Naval Physical and Oceanographic Laboratory
- Established: 1958
- Director: Dr. Duvvuri Seshagiri
- Location: Thrikkakara P.O., Kochi - 682 021., Kochi, Kerala
- Operating agency: DRDO

= Naval Physical and Oceanographic Laboratory =

Indian government agency

The Naval Physical and Oceanographic Laboratory or NPOL is a laboratory of the Defence Research and Development Organisation (DRDO), under the Ministry of Defence, India. It is situated in Thrikkakara, Kochi, Kerala. NPOL is responsible for the research and development of sonar systems, technologies for underwater surveillance, study of Underwater environment and underwater materials.

== History ==

The Indian Naval Physical Laboratory (INPL) was established in Kochi by the Indian Navy in 1952. It worked initially as a field laboratory for fleet support activities. It was merged with the Defence Research and Development Organisation (DRDO) in 1958 and started working on underwater systems. INPL was rechristened as Naval Physical Oceanographic Laboratory (NPOL).

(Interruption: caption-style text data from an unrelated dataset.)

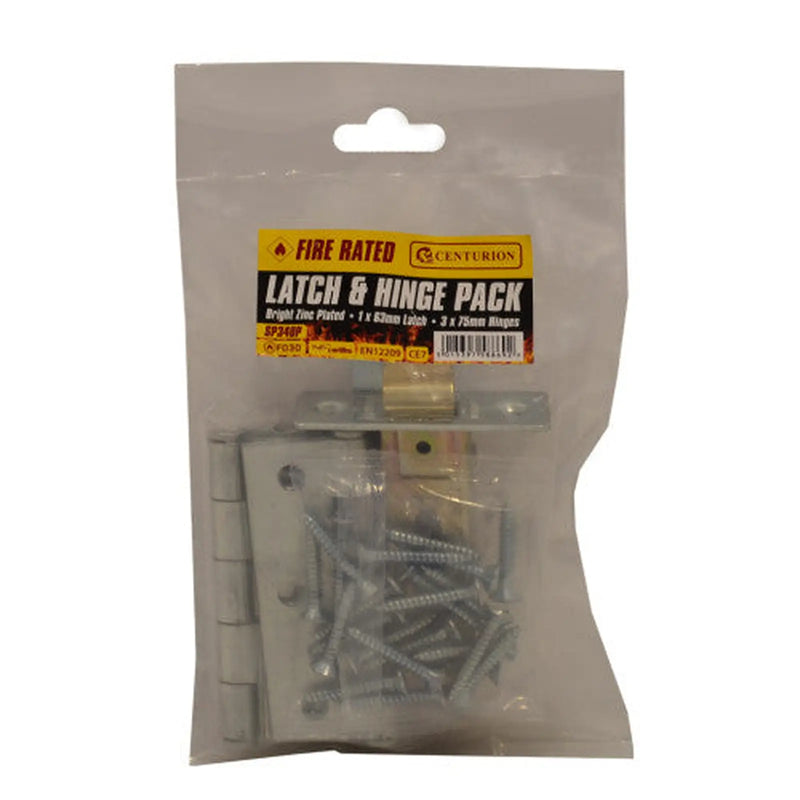Latch & Hinge Packs - BZP - CE Fire Rated - 4PK - Pack of 5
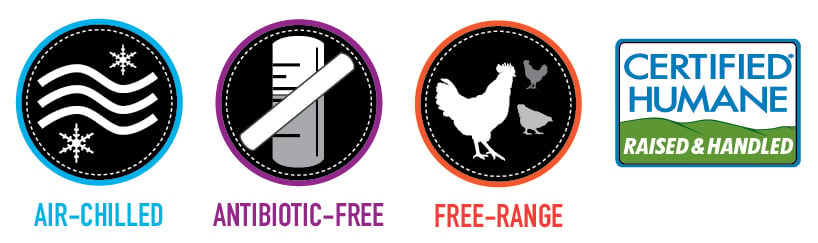 Air Chilled, Antibiotic Free, Free-Range, Certified Humane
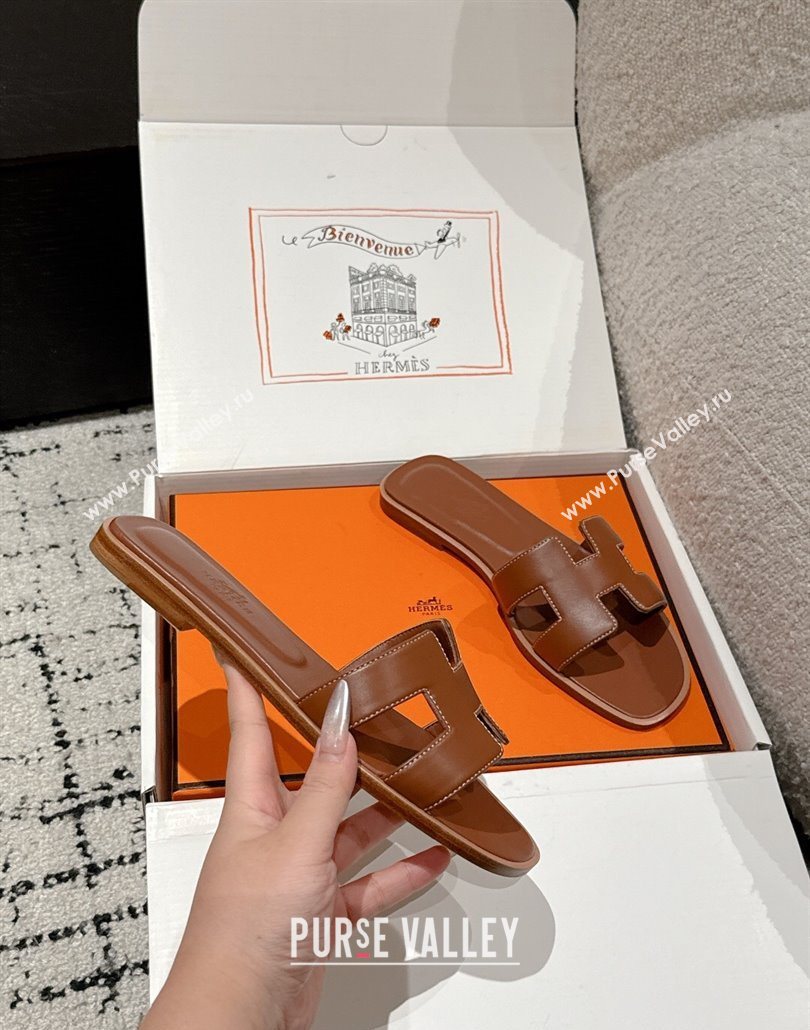 Hermes Classic Oran Flat Slides Sandal in Shiny Calfskin Brown 17 2025 0606 (MD-250606140)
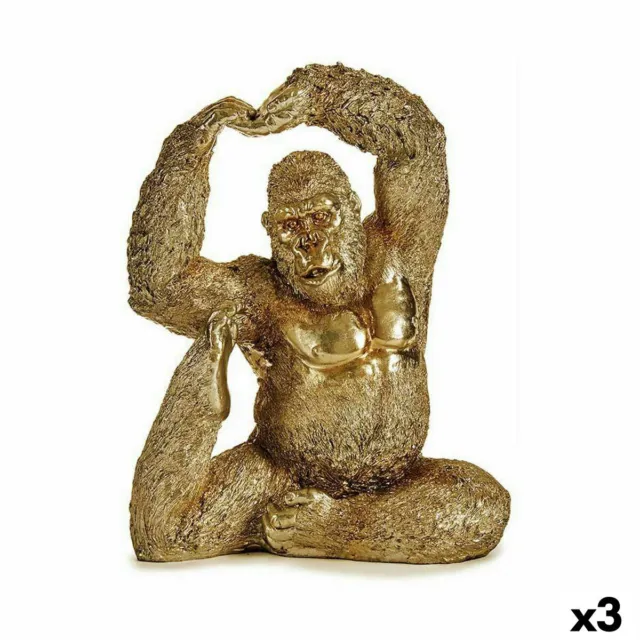 Figura Decorativa Yoga Gorila Dorado 14 x 30 x 25,5 cm [3 Unidades]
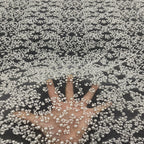 Heavy Bead & Foam Bead Embroidered Bridal Fabric — fabric photo 2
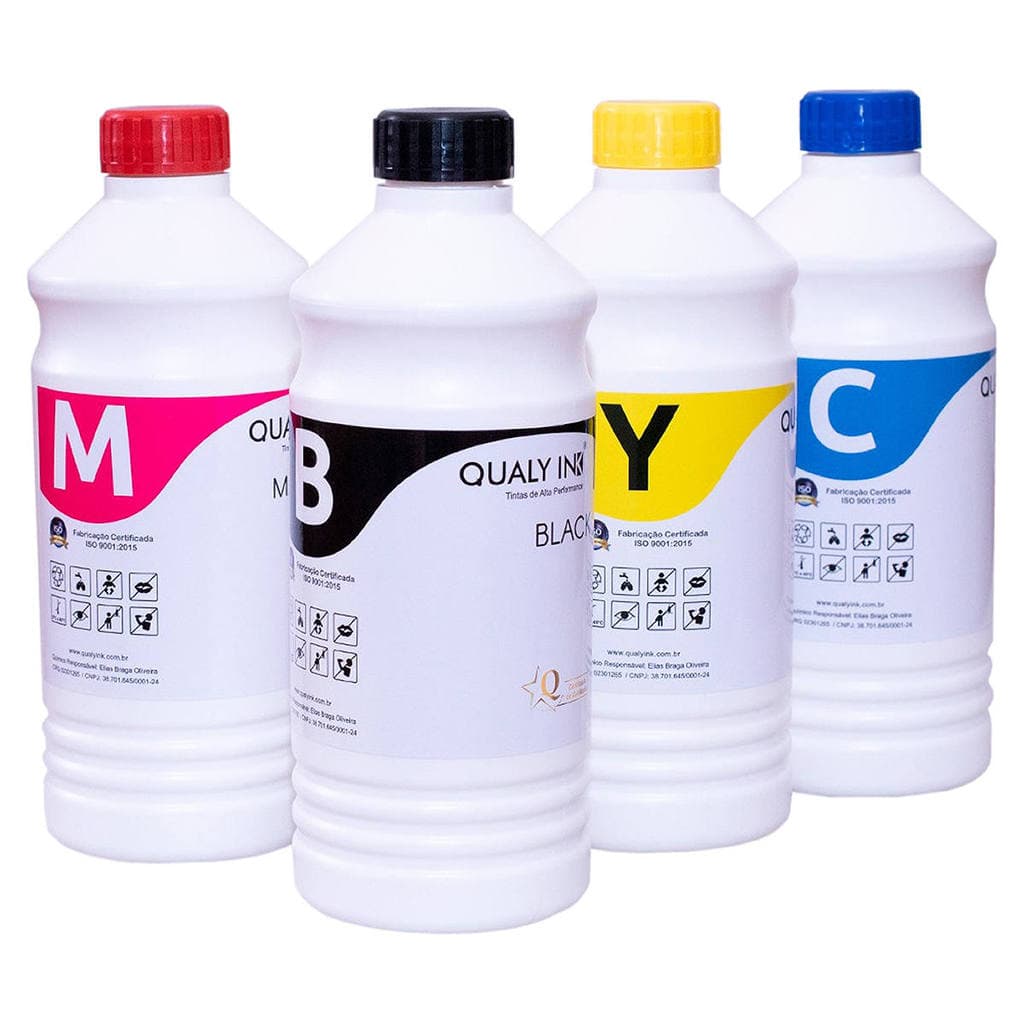Tinta Qualy-Ink Corante Universal Compatível para Recarga de Cartucho Bulk Ink Tanque de Tinta c/ 1L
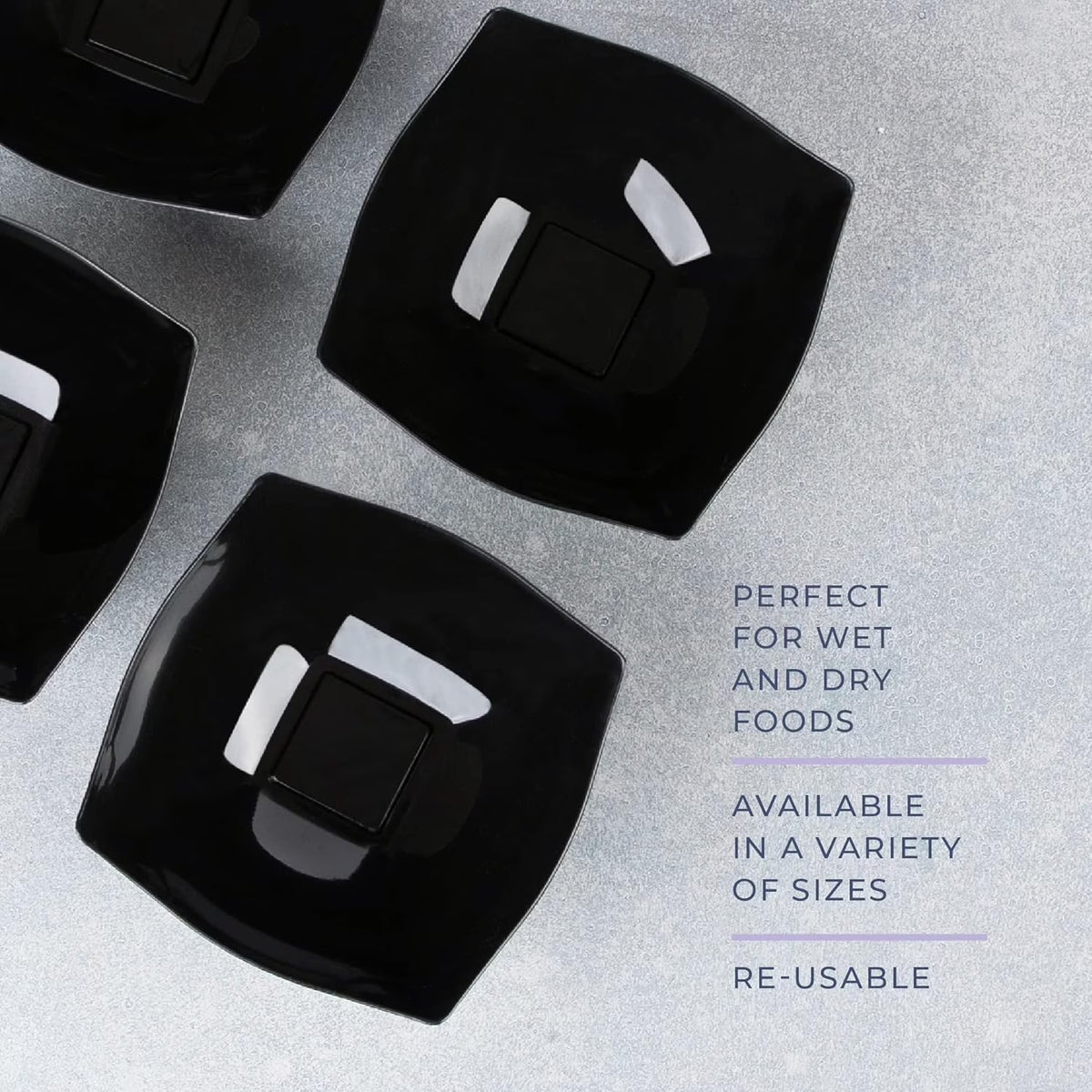 16 Oz Disposable Serving Bowls Black Plastic Square Snack Bowls, 4-Pack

Till 1990, NPOL functioned from within the Naval Base in Kochi. In 1990, it moved into a new 60 acre campus at Thrikkakara, a suburb of Kochi. The new campus has a main technical complex and two residential complexes - SAGAR and VARUNA. The technical complex houses the main building, Abhinavam building and several test facilities including an acoustic tank. Besides the campus in Thrikkakara, NPOL has an offsite setup of underwater acoustic research facility at Idukki Lake, 100 km east of Kochi. Since 1995, NPOL has operated INS Sagardhwani, a 2000-ton oceanographic research vessel used for oceanographic data collection.

==Areas of work==
NPOL is developing a technology called seabed arrays that will be laid over the seabed surface for ocean surveillance which will provide measurements and inform the control centre about the happenings underneath through satellite. DRDO is planning a dedicated satellite for the coastal surveillance system.

All the future inductions planned by the Indian Navy are to be fitted with NPOL designed sonars. The sonars under development are HUMSA NG (upgrade of the HUMSA sonar), the submarine sonars USHUS (for the Sindhugosh class) and PAYAL for the Arihant class.

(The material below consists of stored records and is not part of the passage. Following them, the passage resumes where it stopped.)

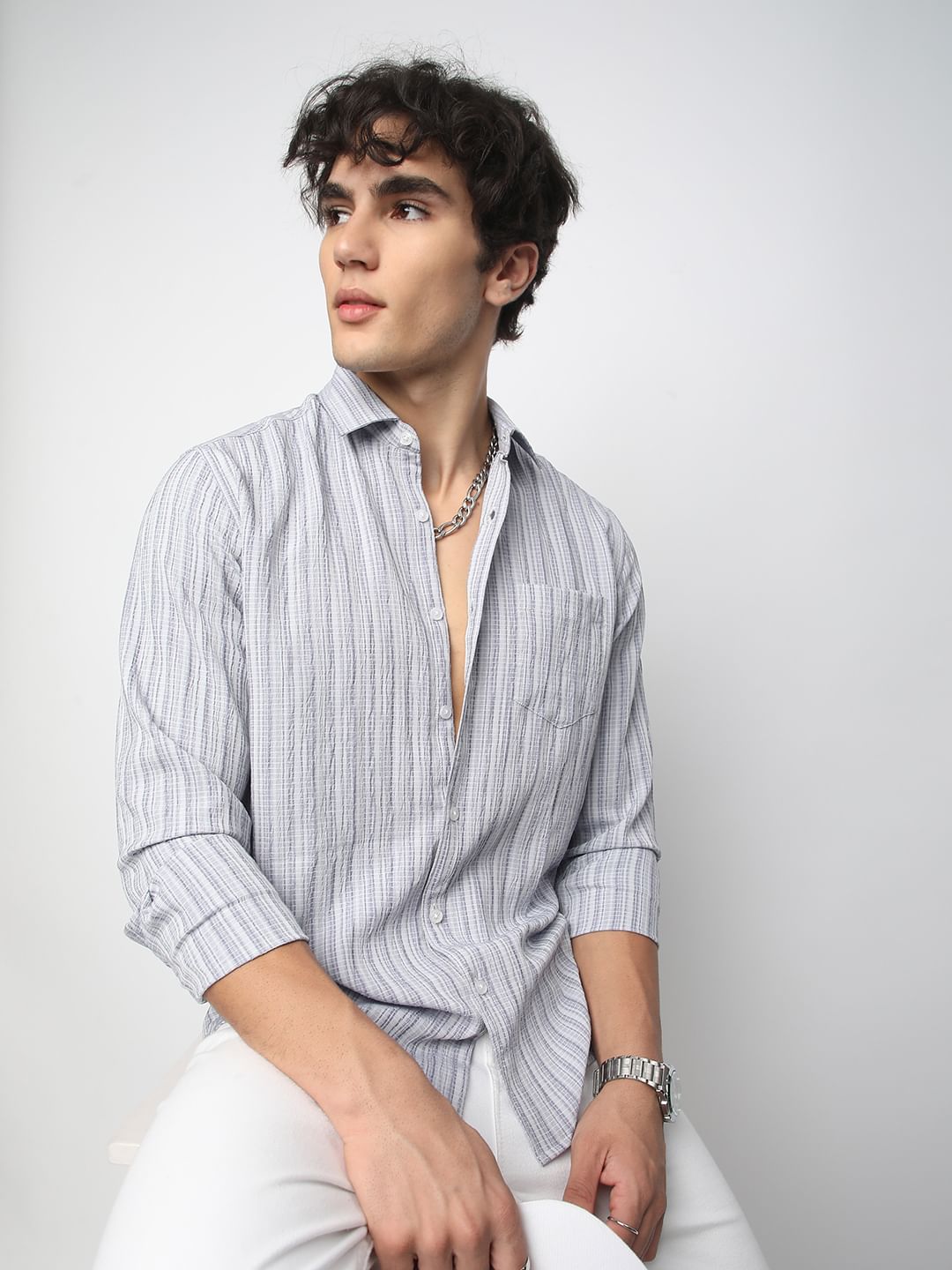 Brush Stroke Smoke Grey Textured Shirt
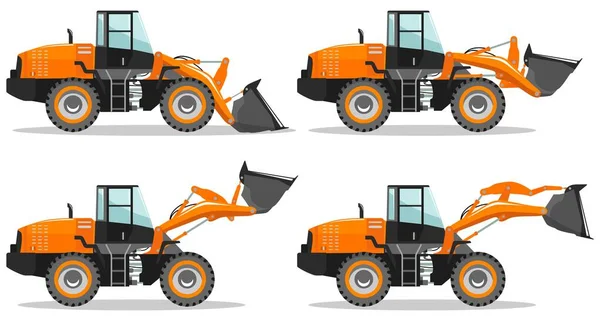 Cargador de ruedas con diferente posición de pluma. Ilustración detallada de maquinaria pesada de minería y equipos de construcción. Ilustración vectorial . — Vector de stock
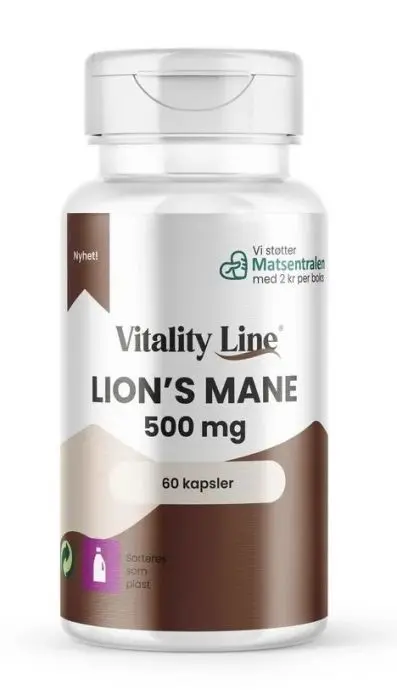 Vitality Line Lion’s Mane 500 mg 60 kapsler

Underwater acoustics is another area which NPOL is looking at. The Physical Oceanographic conditions which will decide the propagation of the sound waves inside water is studied with the help of DRDO's Research Vessel INS Sagardhwani and in-house developed Ocean models. Different Sonar Range Prediction models are also developed by NPOL in the recent years which are used by Indian Navy.

On 29 October 2024, NPOL placed an order for a new Acoustic Research Ship (ARS) with the Garden Reach Shipbuilders & Engineers, Kolkata. The order worth ₹490.98 crore was signed in Kochi. The ARS will have an overall length of 90 m and a beam of 14 m. It will be able to achieve speeds ranging up to 12 kn. The ship will have a minimum endurance of 30 days or 4500 nmi. It will have a complement of 70 personnel. The vessel will have diesel-electric propulsion and 3 deck cranes will be fitted on board to handle research equipment. The ARS will be able to deploy, tow, and retrieve a variety of equipment, including acoustic modules; conduct high-resolution surveys of sound velocity profiles in time and/or space; and gather data on ocean tides and currents for use in survey optimisation, underwater mooring design, and offshore deployments. Additionally, it will be able to launch, moor, and maintain independent sonobuoys as well as gather data from them. The ship will be able to conduct acoustic system experiments at various speed regimes while remaining silent due to its broad speed range. The ARS will also be equipped with a Dynamic positioning mechanism that will enable it to hold its place until Sea State 4.